Lukashenko is grappling with the biggest challenge to his 26-year rule as tens of thousands of people have taken to the streets accusing him of rigging last Sunday's presidential election, and calling for him to step down.
He suggested that the impact of the protests might spill beyond Belarus's borders.
"There is a need to contact (Russian President Vladimir) Putin so that I can talk to him now, because it is not a threat to just Belarus anymore," Lukashenko said, according to state news agency Belta.
"Defending Belarus today is no less than defending our entire space, the union state... Those who roam the streets, most of them do not understand this."
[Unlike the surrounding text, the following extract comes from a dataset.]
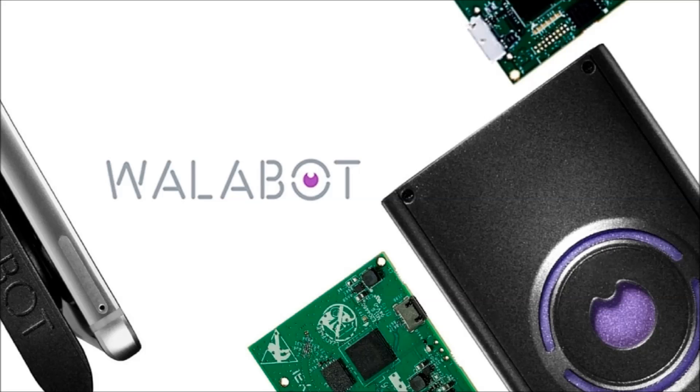This should be enough to get you started experimenting. Reach out to support at wallabout.com with your questions.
Citing Belarusian media, Interfax said Lukashenko had discussed the situation with Putin in a telephone call. The Russian news agency gave no details.
The European Union is gearing up to impose new sanctions on Belarus in response to a bloody crackdown in which at least two protesters have been killed and thousands detained, while the leaders of Estonia, Latvia and Lithuania called on Belarus to conduct new "free and fair" elections.
Opposition presidential candidate Sviatlana Tsikhanouskaya, who fled to neighbouring Lithuania on Tuesday, has called for more protests and an election recount.
Crowds gathered in Minsk again on Saturday to lay flowers where one of the protesters was killed this week.
Russia sees Belarus as a strategic buffer against NATO and the EU, but ties between the two countries had been under strain before the election.
Moscow scaled back financial support to Minsk and Lukashenko rejected Russian calls for closer political and economic union.
Lukashenko has accused the protesters of being in league with foreign backers, and warned Belarusians to stay at home to avoid becoming "cannon fodder".
Moscow this week also accused unnamed countries of "outside meddling" in Belarus.
Russia has been wary of unrest on its borders since governments fell in Georgia's 2003 Rose Revolution, Ukraine's 2003-04 Orange Revolution and Kyiv's 2014 Maidan protests - events in which it says the West backed the protesters.